---------- Material provided ----------

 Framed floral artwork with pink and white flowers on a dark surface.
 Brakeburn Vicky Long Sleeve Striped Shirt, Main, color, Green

----------
---------- Material provided ----------

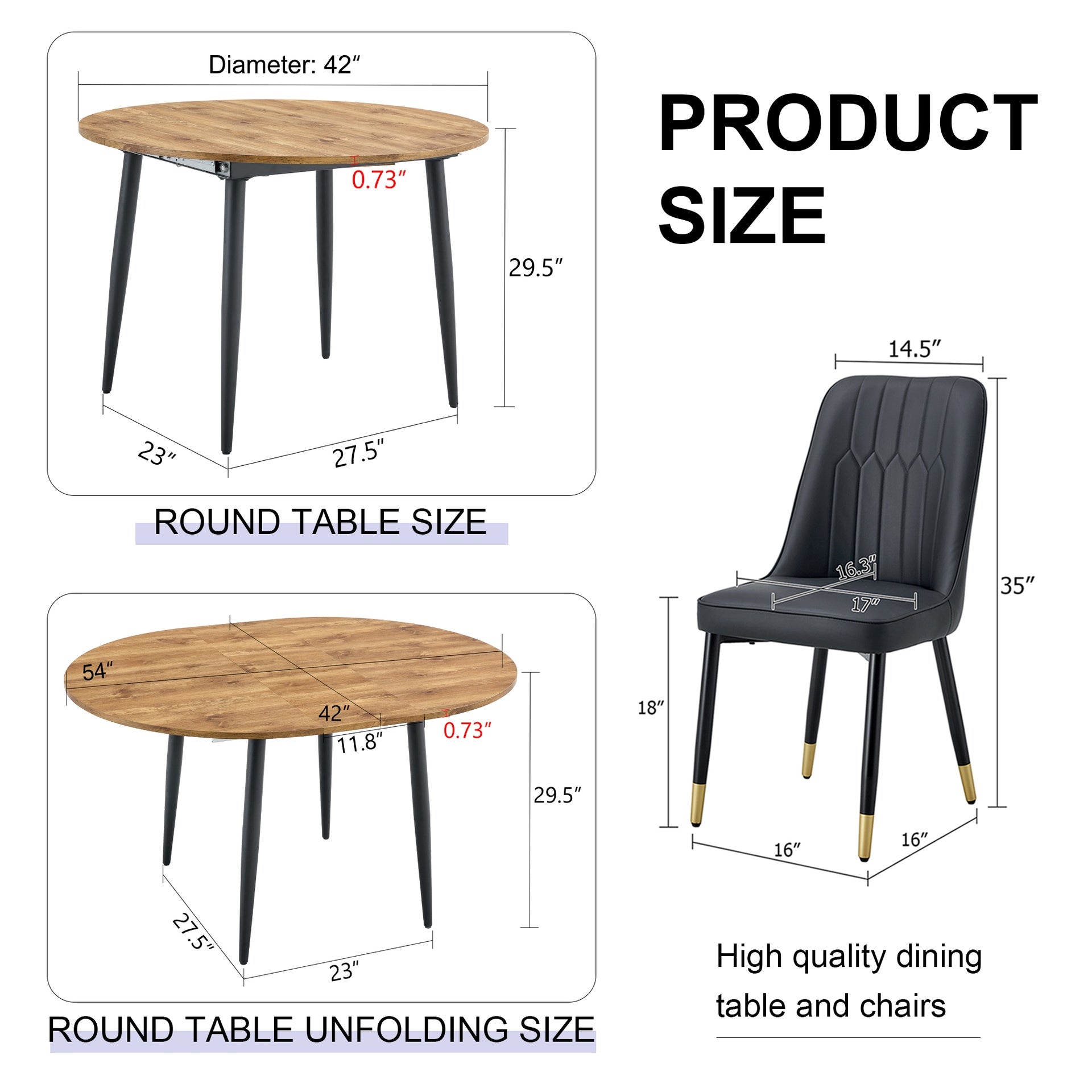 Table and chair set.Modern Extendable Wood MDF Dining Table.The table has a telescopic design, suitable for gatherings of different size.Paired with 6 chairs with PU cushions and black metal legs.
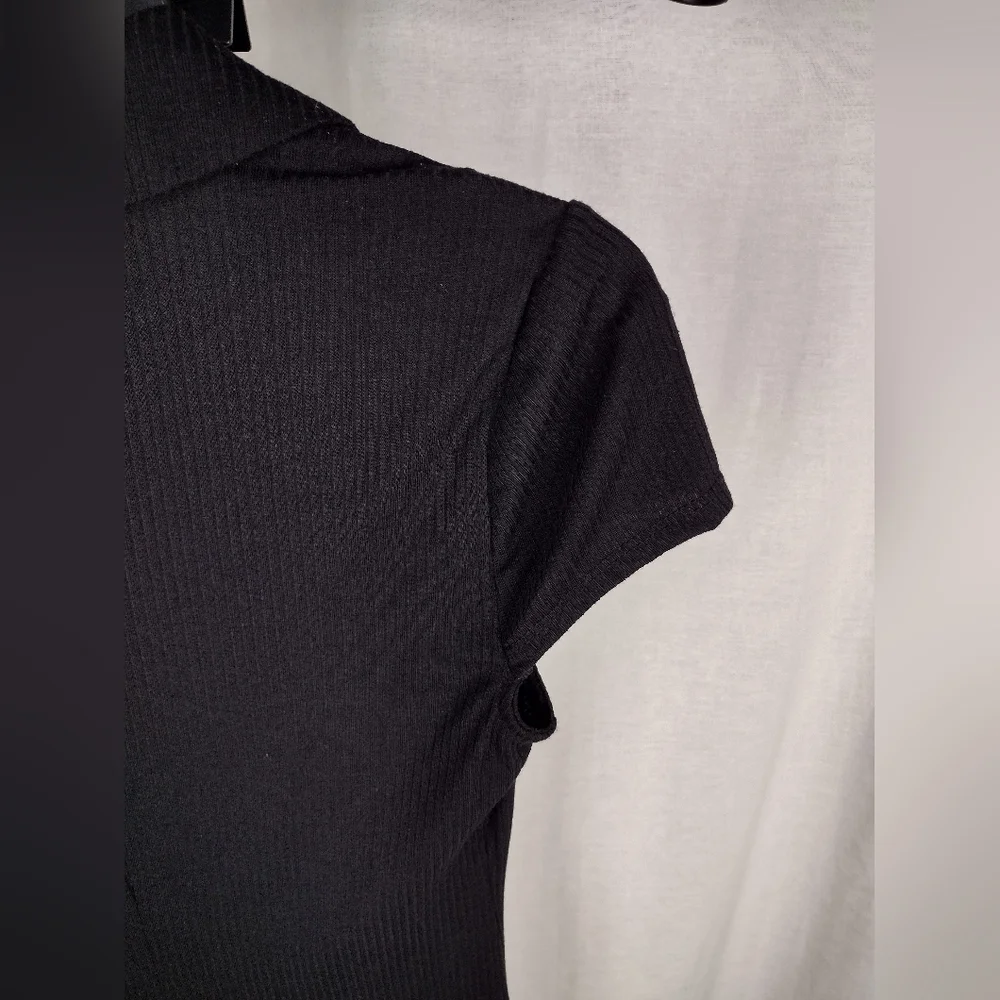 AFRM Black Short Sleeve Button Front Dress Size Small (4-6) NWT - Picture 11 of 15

----------
---------- Material provided ----------

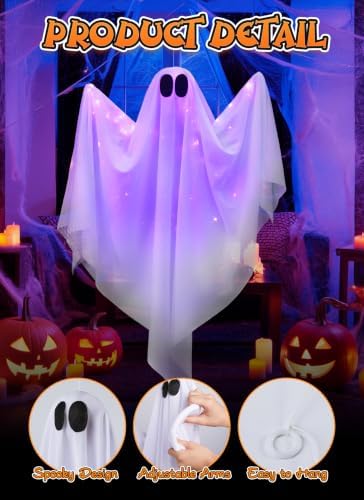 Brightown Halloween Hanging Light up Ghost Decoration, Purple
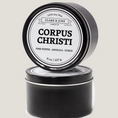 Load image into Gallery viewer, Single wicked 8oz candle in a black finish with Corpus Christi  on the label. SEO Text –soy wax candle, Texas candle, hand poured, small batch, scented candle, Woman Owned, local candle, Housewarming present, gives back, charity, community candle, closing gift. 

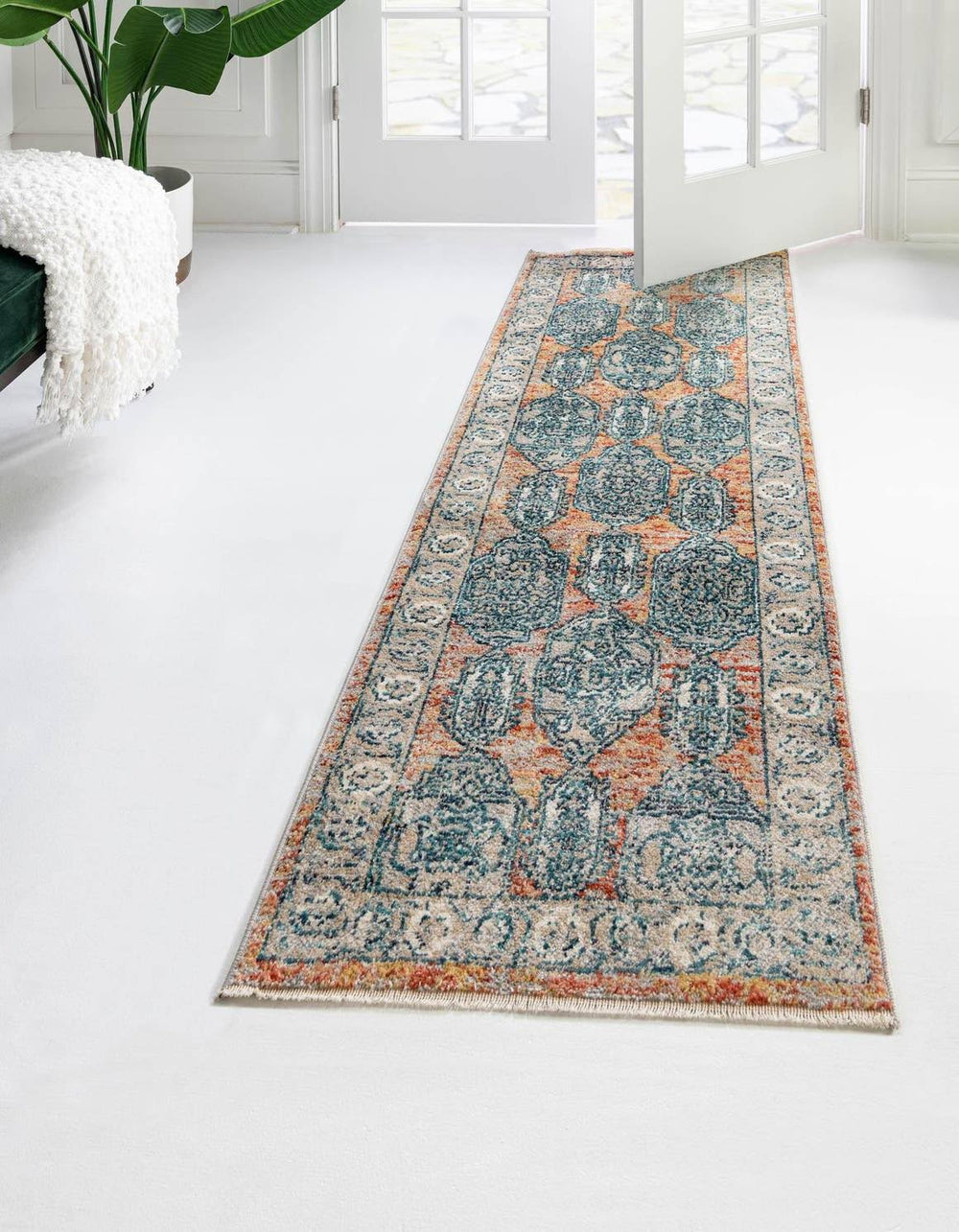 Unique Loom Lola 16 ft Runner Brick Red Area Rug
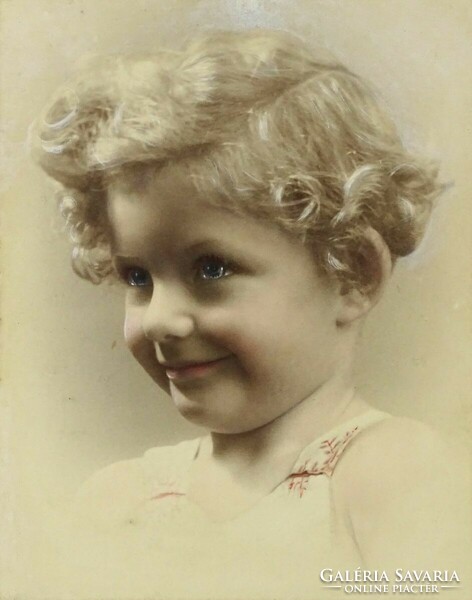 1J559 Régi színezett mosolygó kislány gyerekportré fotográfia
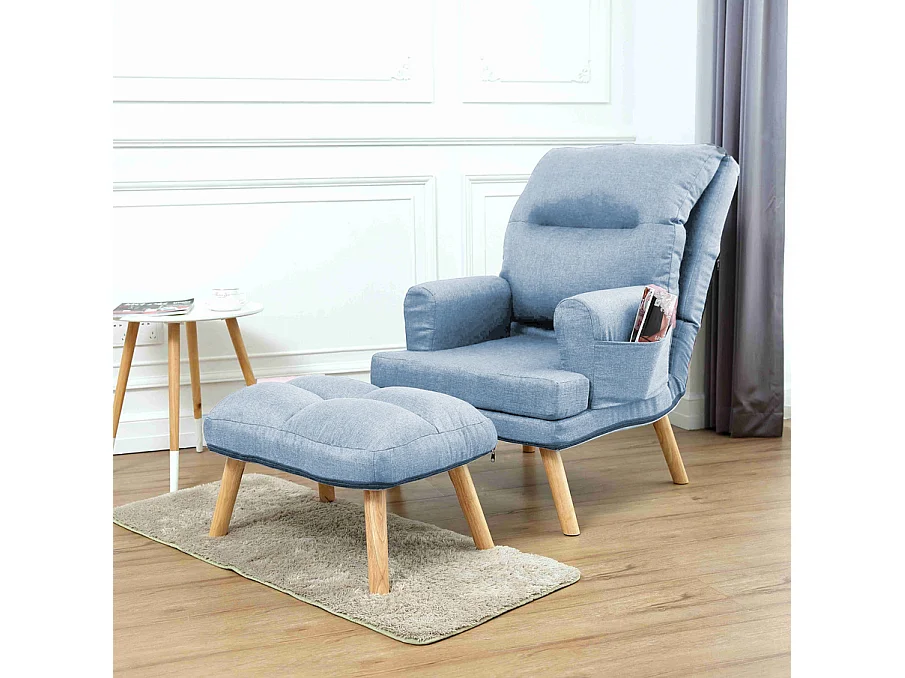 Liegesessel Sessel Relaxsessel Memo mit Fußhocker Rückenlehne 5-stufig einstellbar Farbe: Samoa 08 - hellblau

----------

■ **Requirement**: Now transcribe the lines above exactly, starting at the line containing "1J559 Régi színezett" and ending at the line containing "Liegesessel Sessel Relaxsessel", both lines included, pictures excluded.

■ **Result for this task**:
 1J559 Régi színezett mosolygó kislány gyerekportré fotográfia
 Liegesessel Sessel Relaxsessel Memo mit Fußhocker Rückenlehne 5-stufig einstellbar Farbe: Samoa 08 - hellblau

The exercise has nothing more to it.